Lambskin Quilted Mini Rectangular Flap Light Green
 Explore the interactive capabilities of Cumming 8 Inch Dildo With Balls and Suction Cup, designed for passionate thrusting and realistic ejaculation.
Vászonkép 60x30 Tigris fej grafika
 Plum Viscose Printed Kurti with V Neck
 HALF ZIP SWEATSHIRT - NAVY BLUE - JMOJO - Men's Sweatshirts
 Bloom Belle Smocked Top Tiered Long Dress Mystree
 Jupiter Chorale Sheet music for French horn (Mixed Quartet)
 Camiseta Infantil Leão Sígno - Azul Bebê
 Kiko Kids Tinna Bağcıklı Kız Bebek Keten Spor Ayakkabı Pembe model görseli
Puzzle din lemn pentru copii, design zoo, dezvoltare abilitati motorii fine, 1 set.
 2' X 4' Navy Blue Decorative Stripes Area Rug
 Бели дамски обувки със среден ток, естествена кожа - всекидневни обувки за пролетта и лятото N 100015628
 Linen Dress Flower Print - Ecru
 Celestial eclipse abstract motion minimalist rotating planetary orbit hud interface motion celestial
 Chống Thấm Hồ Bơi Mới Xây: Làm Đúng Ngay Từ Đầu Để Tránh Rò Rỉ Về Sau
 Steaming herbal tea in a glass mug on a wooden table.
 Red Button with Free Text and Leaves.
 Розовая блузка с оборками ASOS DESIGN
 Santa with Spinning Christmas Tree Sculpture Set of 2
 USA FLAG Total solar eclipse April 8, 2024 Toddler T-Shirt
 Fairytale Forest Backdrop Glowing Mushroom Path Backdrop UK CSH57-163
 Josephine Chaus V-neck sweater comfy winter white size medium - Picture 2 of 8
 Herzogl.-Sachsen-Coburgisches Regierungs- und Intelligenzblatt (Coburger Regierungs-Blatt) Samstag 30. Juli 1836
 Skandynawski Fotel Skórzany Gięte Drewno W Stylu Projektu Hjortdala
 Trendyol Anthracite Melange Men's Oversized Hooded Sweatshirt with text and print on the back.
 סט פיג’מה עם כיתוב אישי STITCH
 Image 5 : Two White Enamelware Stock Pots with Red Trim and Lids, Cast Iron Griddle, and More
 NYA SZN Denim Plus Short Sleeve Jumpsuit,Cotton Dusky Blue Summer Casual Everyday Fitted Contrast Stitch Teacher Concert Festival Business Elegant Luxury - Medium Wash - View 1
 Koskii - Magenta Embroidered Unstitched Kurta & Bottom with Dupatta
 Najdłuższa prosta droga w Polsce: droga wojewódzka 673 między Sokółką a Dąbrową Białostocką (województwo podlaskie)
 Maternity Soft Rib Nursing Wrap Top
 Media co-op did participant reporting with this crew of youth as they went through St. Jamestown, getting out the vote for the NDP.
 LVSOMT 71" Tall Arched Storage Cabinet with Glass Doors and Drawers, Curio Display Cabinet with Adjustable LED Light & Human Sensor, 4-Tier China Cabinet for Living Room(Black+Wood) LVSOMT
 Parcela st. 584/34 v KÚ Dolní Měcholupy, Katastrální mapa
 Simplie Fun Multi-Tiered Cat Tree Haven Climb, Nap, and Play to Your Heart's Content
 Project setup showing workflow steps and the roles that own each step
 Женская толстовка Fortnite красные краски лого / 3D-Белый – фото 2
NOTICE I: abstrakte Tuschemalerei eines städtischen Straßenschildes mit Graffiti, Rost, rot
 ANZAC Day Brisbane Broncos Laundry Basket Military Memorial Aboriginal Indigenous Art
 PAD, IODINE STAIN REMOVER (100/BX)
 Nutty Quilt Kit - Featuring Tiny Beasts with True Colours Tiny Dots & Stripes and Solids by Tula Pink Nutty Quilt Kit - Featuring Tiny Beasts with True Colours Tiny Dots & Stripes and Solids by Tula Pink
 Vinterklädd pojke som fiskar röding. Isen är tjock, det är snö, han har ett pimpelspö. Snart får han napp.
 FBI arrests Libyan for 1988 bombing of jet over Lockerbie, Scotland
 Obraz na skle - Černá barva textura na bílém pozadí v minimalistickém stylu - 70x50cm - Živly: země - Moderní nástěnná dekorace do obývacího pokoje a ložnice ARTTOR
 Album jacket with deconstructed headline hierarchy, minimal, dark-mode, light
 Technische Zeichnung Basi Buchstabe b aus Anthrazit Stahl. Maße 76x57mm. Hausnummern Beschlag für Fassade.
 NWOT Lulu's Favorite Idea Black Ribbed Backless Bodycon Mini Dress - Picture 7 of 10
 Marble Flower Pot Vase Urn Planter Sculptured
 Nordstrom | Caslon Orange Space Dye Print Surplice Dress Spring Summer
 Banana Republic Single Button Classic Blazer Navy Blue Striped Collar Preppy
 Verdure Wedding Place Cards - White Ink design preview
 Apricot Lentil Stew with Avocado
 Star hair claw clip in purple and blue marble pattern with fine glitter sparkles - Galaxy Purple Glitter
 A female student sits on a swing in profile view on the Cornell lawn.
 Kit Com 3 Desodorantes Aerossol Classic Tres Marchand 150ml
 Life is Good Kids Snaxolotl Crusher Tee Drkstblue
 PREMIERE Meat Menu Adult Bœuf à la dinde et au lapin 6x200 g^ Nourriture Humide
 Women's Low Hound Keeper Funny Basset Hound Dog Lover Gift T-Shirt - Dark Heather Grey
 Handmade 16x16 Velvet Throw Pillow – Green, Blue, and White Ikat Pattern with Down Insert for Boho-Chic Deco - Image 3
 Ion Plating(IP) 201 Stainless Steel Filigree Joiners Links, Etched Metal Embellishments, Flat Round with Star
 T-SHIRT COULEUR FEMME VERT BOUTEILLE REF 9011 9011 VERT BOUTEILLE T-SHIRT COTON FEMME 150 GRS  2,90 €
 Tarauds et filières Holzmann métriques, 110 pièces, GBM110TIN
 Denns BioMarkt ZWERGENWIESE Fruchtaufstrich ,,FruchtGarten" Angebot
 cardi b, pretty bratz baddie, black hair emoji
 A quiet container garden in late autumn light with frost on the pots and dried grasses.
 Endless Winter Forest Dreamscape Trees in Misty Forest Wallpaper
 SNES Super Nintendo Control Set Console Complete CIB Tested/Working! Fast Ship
####
## About this exercise
Find each line in the records holding the string "hair" and show it.

## Written answer
 Star hair claw clip in purple and blue marble pattern with fine glitter sparkles - Galaxy Purple Glitter
 cardi b, pretty bratz baddie, black hair emoji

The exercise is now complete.